Our “Species of the Week” series highlights the flagship species of each of the 844 unique ecoregions contained within Earth’s bioregions.
If an animal is no longer observed by humans, has it gone extinct? Such is typically the case, as it was for the Formosan clouded leopard. Declared extinct in 2013 after a years-long project to capture one on camera failed, the predatory cat was reportedly spotted by rangers twice last year in a remote part of Taiwan.
The clouded leopard is not closely related to the leopard, but has its own genus (Neofelis), separate from the big cats (Panthera). In 2006, the single species of clouded leopard was split in two: Neofelis nebulosa is found on the Asian mainland, while Neofelis diardi, the Sunda clouded leopard, occurs only on the islands of Sumatra and Borneo.

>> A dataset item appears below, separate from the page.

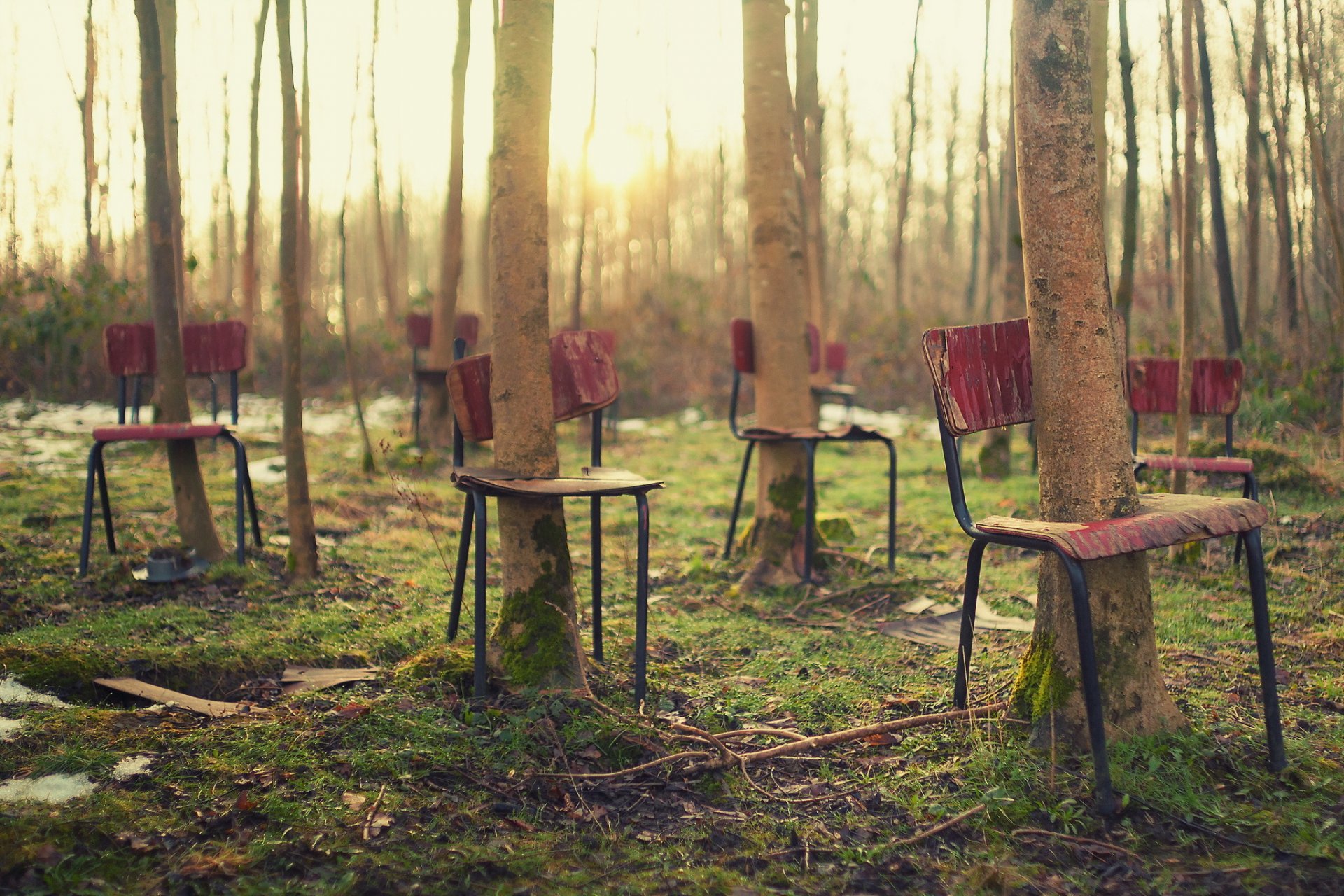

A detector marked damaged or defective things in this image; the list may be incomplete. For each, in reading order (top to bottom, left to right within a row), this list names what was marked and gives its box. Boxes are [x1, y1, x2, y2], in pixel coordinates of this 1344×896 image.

The cat recently believed to be extinct is yet another subspecies (Neofelis nebulosa brachyura), which is only found in Taiwan.
The last official sighting of the animal was in 1983. However, National Taitung University’s Department of Life Science professor Liu Chiung-hsi told Yahoo News that he wasn’t surprised there hadn’t been a sighting, since the animal is vigilant and purposely elusive, avoiding human contact.
The Formosan clouded leopard is an incredible climber, reaching great heights in forest trees, and exceptionally nimble at staying above ground, having adapted to a life in the trees, with rotating ankles for agility, and super long teeth to help them grasp prey up in the trees where they can’t free their paws to help. The animal can climb headfirst down a tree, something very few cats in the animal kingdom can do.
“They are phenomenal athletes. They can climb like no cat I’ve ever seen. They can hang from one paw; hang upside down. I have seen them do stuff that is just amazing!” said Bonnie Breitbeil, the Clouded Leopard SSP Coordinator and International Studbook Keeper for the Association of Zoos and Aquariums (AZA).
Alangyi Village rangers in Taiwan claim to have seen the cats hunting goats on a cliff in Taitung County’s Daren Township. As a result of the sightings, members of the Alangyi Village held a tribal meeting to create a plan to prohibit outsiders from hunting in the area, and to ask the Forestry Bureau to stop disruptive activities such as logging.
Though these cats aren’t terribly fond of humans, we can’t help but fawn over images of them. Frankly, clouded leopards are adorable. Their faces and ears maintain a youthful appearance even as they age, making them look like big kittens throughout their lives. It’s probably best for them that they’ve avoided human contact as long as they have.